The number of workers. This parameter takes effect only when the memSizePerCore parameter is also set. The value must be a positive integer in the range of [1,9999].

Automatically allocated by the system

memSizePerCore

No

The memory size per core, in MB. The value must be a positive integer in the range of [1024,64×1024].

Automatically allocated by the system

lifecycle

No

The lifecycle of the output table. The value must be a positive integer.

None

If the input is a standard table, do not set the coreNum and memSizePerCore parameters. The Split Word component automatically calculates the values.

If resources are limited, you can use the following code to calculate the number of workers and the memory per worker.

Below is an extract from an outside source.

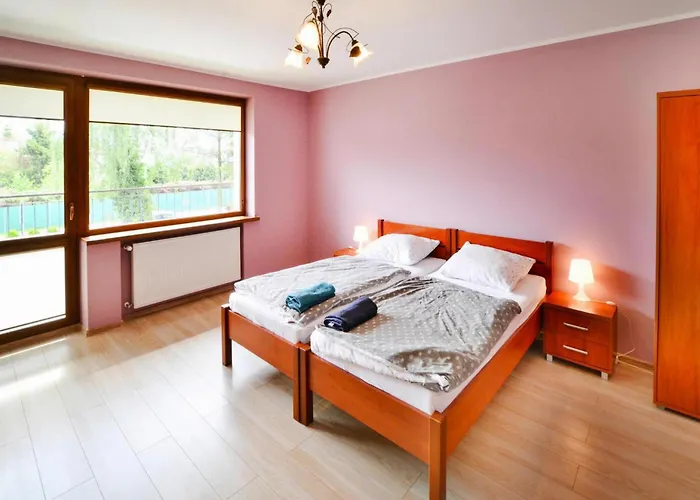 Large Home, Private Garden Колобжег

def CalcCoreNumAndMem(row, col, kOneCoreDataSize=1024):
    """Calculate the number of workers and the memory per worker.
       Args:
           row: The number of rows in the input table.
           col: The number of columns in the input table.
           kOneCoreDataSize: The data volume processed by a single worker, in MB. This must be a positive integer. The default value is 1024.
       Return:
           coreNum, memSizePerCore
       Example:
           coreNum, memSizePerCore = CalcCoreNumAndMem(1000, 99, kOneCoreDataSize=2048)
    """
    kMBytes = 1024.0 * 1024.0
    # Calculate the number of workers based on the data volume.
    coreNum = max(1, int(row * col * 1000/ kMBytes / kOneCoreDataSize))
    # Memory per worker = Data volume size.
    memSizePerCore = max(1024,  int(kOneCoreDataSize*2))
    return coreNum,  memSizePerCore

Example

  • Generate data

    create table pai_aliws_test
    as select
        1 as id,
        'Today is a good day. The weather is nice and sunny.' as content;
  • PAI command

    pai -name split_word
        -project algo_public
        -DinputTableName=pai_aliws_test
        -DselectedColNames=content
        -DoutputTableName=doc_test_split_word
  • Input description

    The input table contains two columns: an ID column and a content column.

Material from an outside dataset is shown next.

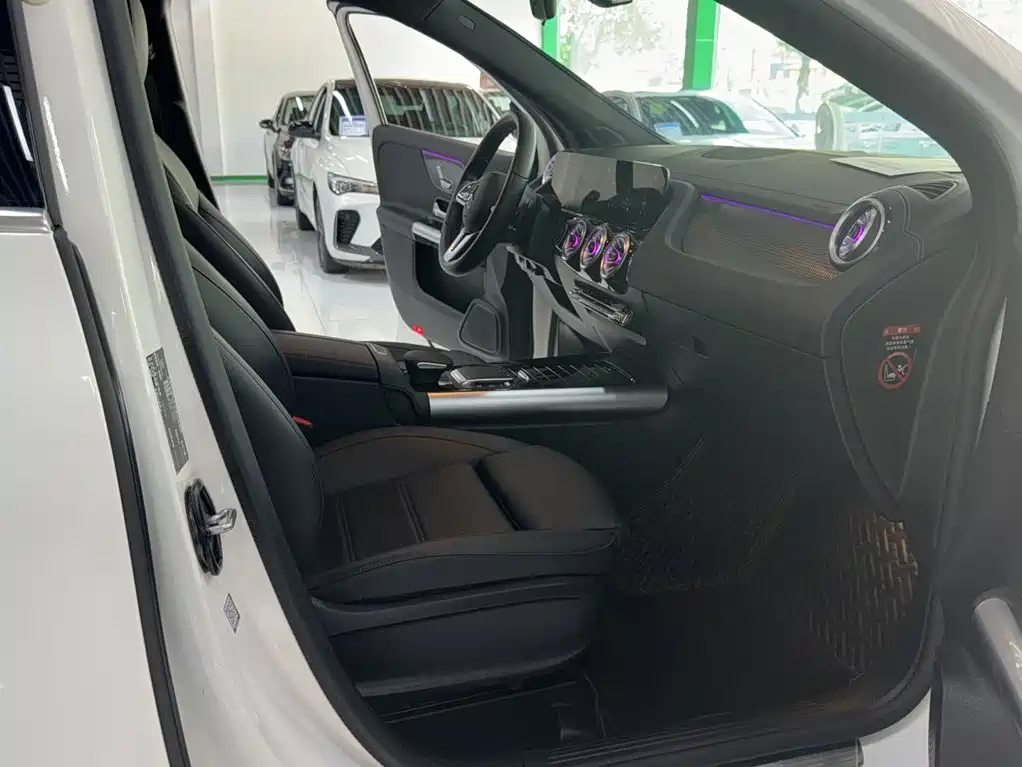 Mercedes-Benz GLA — миниатюра 11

    +------------+-----------------------------------------------------+
    | id         | content                                             |
    +------------+-----------------------------------------------------+
    | 1          | Today is a good day. The weather is fine and sunny. |
  • Output description

    • The component tokenizes the specified column and leaves the other columns unchanged.

    • If you use a custom dictionary, the system tokenizes text based on both the dictionary and the context. The tokenization may not strictly follow the custom dictionary.